MULTI-OBJECTIVE OPTIMIZATION OF WIRE ELECTRICAL DISCHARGE MACHINED ULTRA-THIN SILICON WAFERS USING RESPONSE SURFACE METHODOLOGY FOR SOLAR CELL APPLICATIONS

摘要

Recent investigations on the fabrication of ultra-thin silicon (Si) wafers using wire-electrical discharge machining (wire-EDM) were observed to possess some inherent limitations. This includes severe thermal damage, kerf-loss, and low slicing rate, which could be detrimental towards realizing actual practical applications. The extent of thermal damage, kerf-loss, and slicing rate largely depends on the process parameters such as open voltage (OV), servo voltage (SV), and pulse on-time (T_(on)). Therefore, choosing the optimal parameters that pertain to minimum thermal damage and kerf-loss while maintaining a higher slicing rate is the key to further excel in the fabrication of Si wafers using wire-EDM. Therefore, the present study is an effort to analyze and identify the optimal parameters that relate to the most effective Si slicing in wire-EDM. A central composite design (CCD) based response surface methodology (RSM) was used for optimizing the process parameters.
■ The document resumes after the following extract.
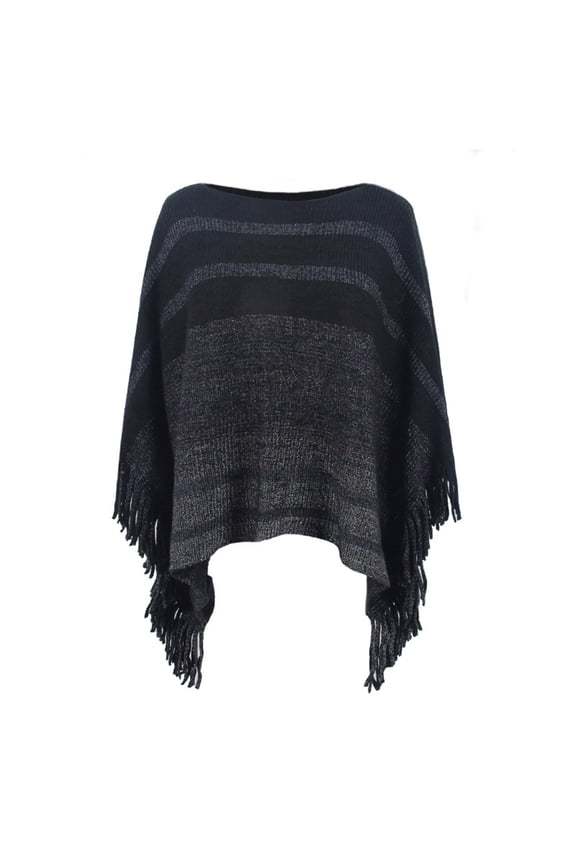 Women Splice Poncho With Tassels Shawl Scarf Fringed Wraps Sweater Pullover Cape For Women Sweater Tassel Hem Shawl Wrap Cloak Women's Scarfs Winter Formal Jackets for Women Wool Coat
The capability to slice Si wafers in wire-EDM was observed to be highly influenced by the discharge energy, which had a positive impact on the overall responses. The severity of thermal damages was observed to be mainly dominated by the variation in open voltage and T_(on) due to the high diffusion of thermal energy into the workpiece, which led to intense melting and subsequent re-solidification. The parametric optimization resulted in OV = 84.32 V, SV = 42.98 V and T_(on) = 0.62 μs as the most feasible parameter that relates to comparatively high slicing rate (0.65 mm/min), low kerf-loss (280 μm) and thermal damage (18 μm) for a given machine. In general, with a decrease in spark energy slicing rate and thermal damage decreases whereas, kerf-loss increases. When spark energy decreases by 83%, there is a nearly 55% decrease in slicing rate and thermal damage and a 10% increase in kerf-loss.